Productize something like what we have now with the ops team (add it to the operator).
Define and implementation of:
- Grafana dashboards
- Prometheus rules
- zync components exposing metrics.
- kube-state-metrics (https://issues.redhat.com/browse/THREESCALE-4679)
- aggregated health endpoints metrics. (https://issues.redhat.com/browse/THREESCALE-4681)
Zync guys have the domain knowledge to define useful dashboards and effective prometheus rules. Ops teams can help you with the syntax.
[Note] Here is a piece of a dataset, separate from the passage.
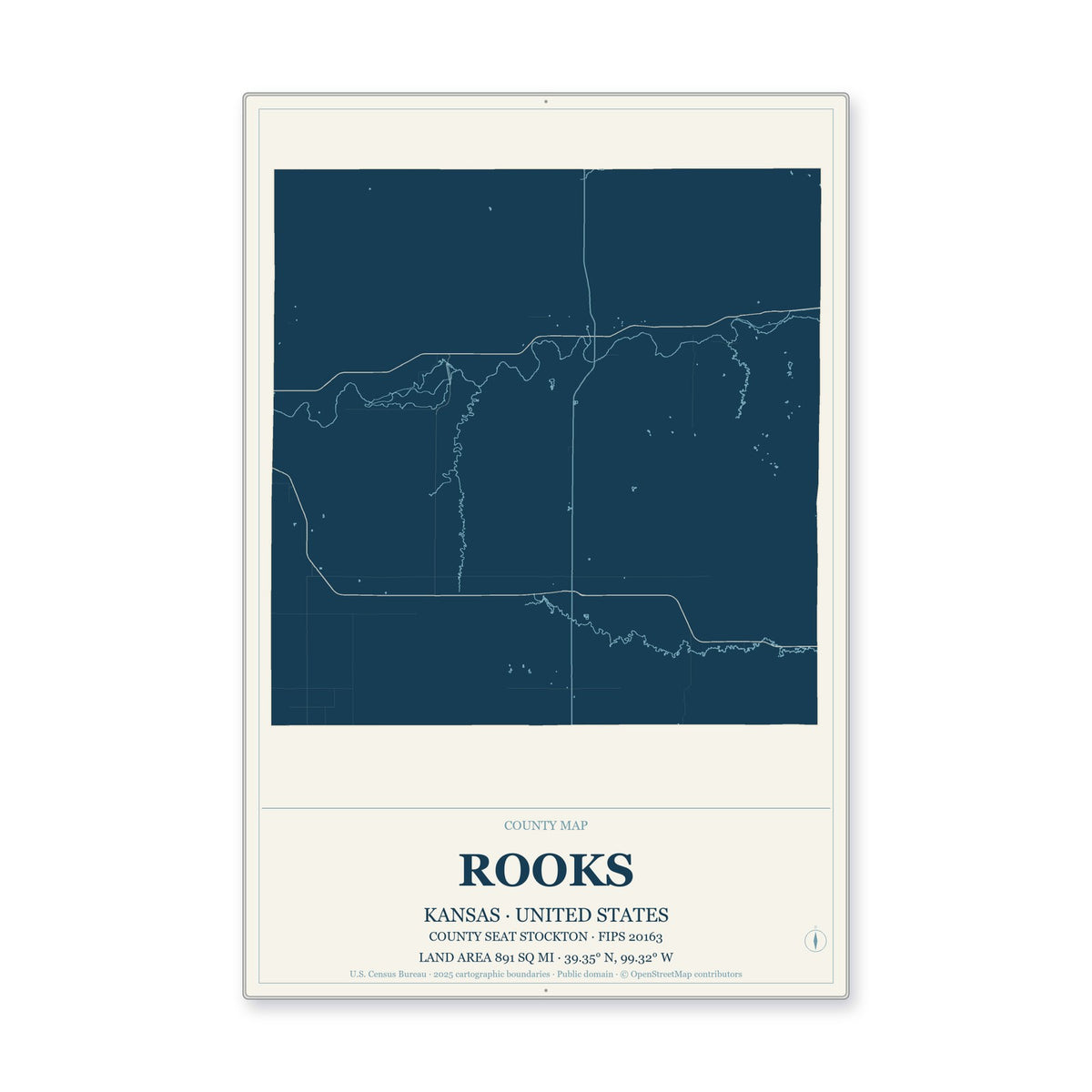 Rooks County, Kansas Map Aluminum Sign in Coastal Cutout style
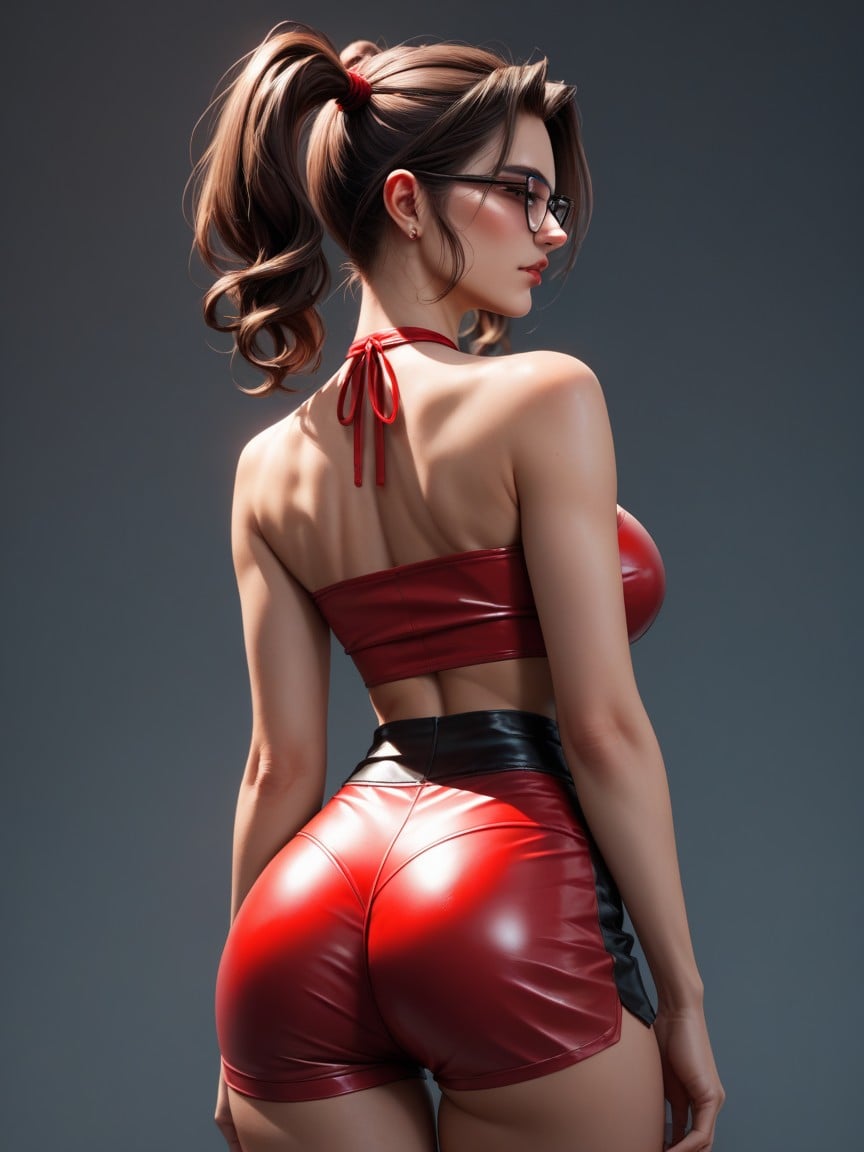 Ass Focus, Red Tight Leather Halter Top, Glasses人妖AI色情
I will provide an environment to easily run the loop: update -> check on dashboards and prometheus rules.
- Cluster: https://console-openshift-console.apps.dev-eng-operator-ocp4-2.dev.3sca.net (github auth provider)
- Namespace to use: 3scale-metrics
- Prometheus admin site: https://prometheus-route-application-monitoring.apps.dev-eng-operator-ocp4-2.dev.3sca.net
- Grafana admin site: https://grafana-route-application-monitoring.apps.dev-eng-operator-ocp4-2.dev.3sca.net
System team internal tracking doc: https://docs.google.com/document/d/1aLI2VoK0kPds4YsuPPCeXmhmvxo99_XKAVCCm5ruucs/edit?usp=sharing
Suggestion of steps to implement:
- Make sure code is ready, i.e., exporting the metrics we want in the dashboard
- Deploy a version of 3scale that exports the metrics
- Configure the Grafana dashboard for Zync - pair with ops to reuse their experience with configuring the Zync Grafana dashboard for Saas
- Pair with the operators team to "productize" the newly configure dashboard, i.e., to put it for the operator to set on a fresh new deployment of 3scale so customers can have the dashboard OTB.